## YOUR GOAL
Lines before the one containing "5154 Aluminum Coil Suppliers, 5154" are not wanted; restate the rest below word for word, through the last line, but drop any pictures.

## Short text fragments from websites
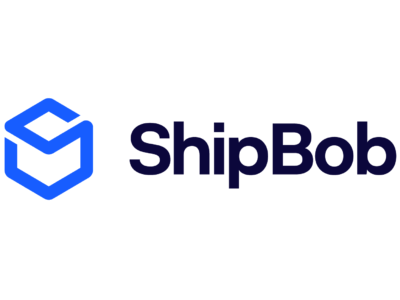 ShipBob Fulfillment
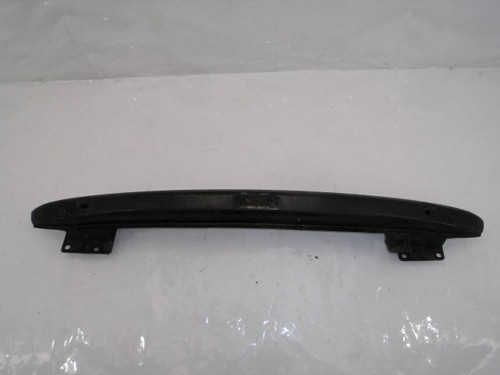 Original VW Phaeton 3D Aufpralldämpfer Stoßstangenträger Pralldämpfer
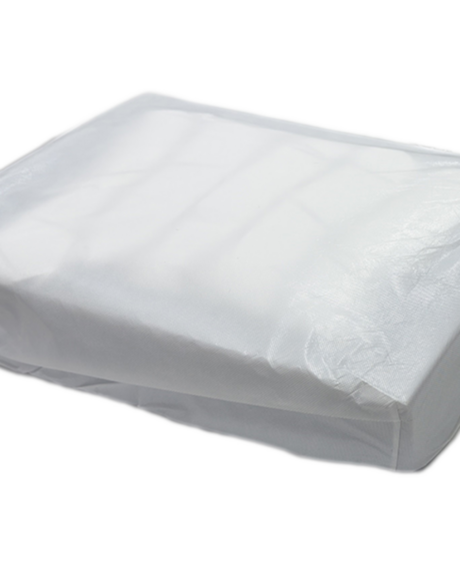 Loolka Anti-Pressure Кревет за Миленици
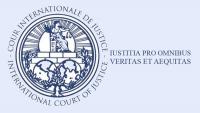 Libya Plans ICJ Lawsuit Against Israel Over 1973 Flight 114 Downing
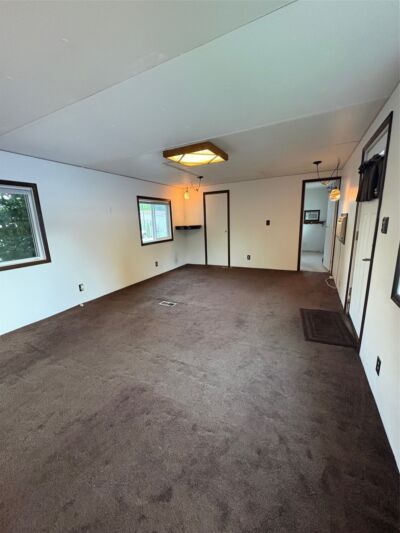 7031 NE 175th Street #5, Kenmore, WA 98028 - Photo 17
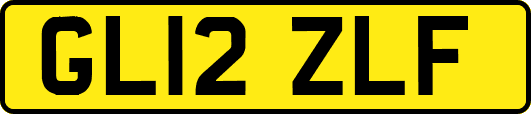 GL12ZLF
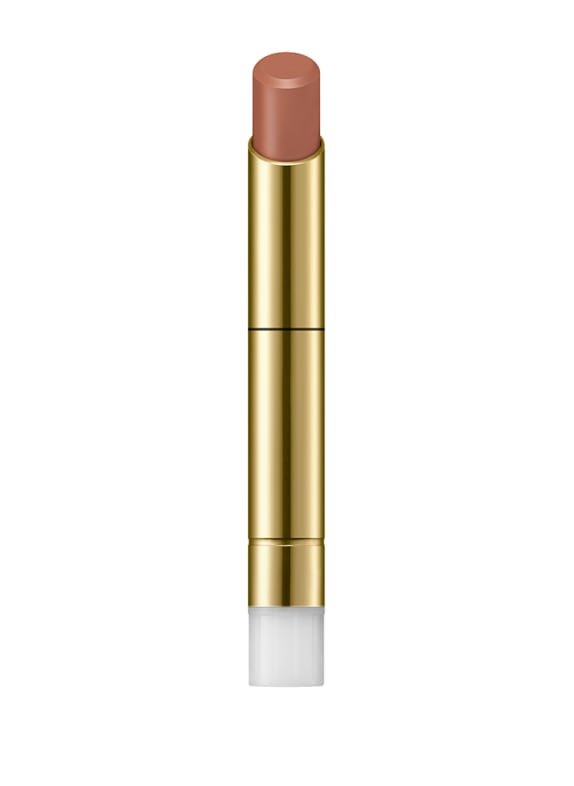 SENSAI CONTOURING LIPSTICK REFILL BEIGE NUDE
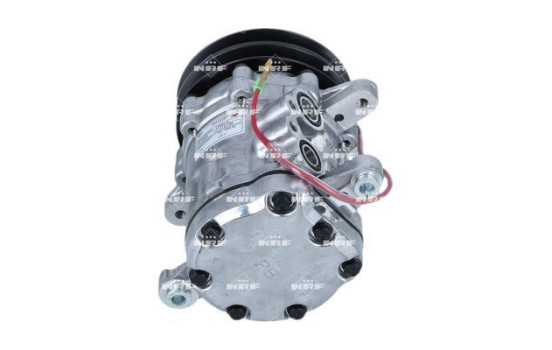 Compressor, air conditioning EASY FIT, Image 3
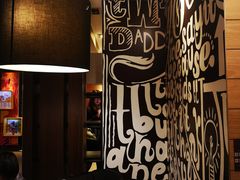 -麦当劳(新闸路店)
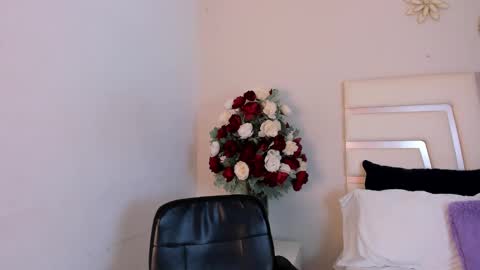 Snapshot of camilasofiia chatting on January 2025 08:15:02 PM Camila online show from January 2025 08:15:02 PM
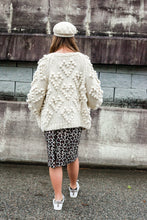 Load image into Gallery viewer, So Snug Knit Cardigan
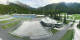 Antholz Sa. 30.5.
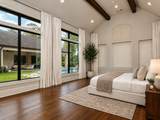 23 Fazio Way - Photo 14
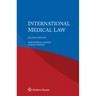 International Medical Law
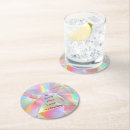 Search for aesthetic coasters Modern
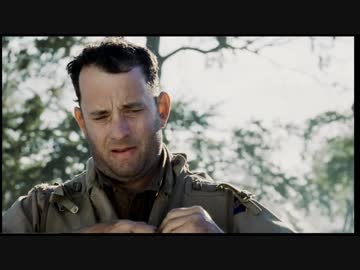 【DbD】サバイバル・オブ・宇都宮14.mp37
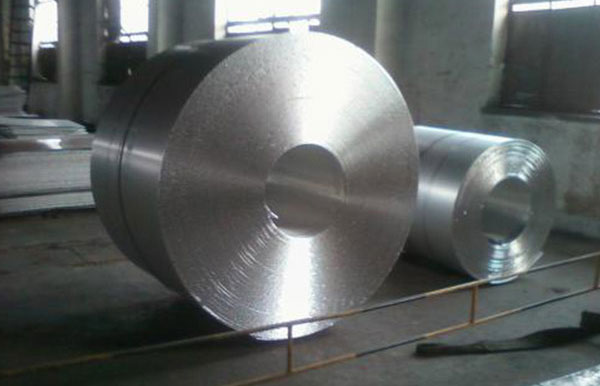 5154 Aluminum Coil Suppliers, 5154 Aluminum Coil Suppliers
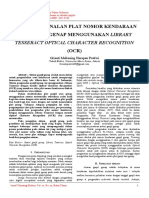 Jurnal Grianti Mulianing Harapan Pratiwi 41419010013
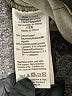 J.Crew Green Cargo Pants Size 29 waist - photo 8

## EXERCISE SOLUTION
 5154 Aluminum Coil Suppliers, 5154 Aluminum Coil Suppliers
 Jurnal Grianti Mulianing Harapan Pratiwi 41419010013
 J.Crew Green Cargo Pants Size 29 waist - photo 8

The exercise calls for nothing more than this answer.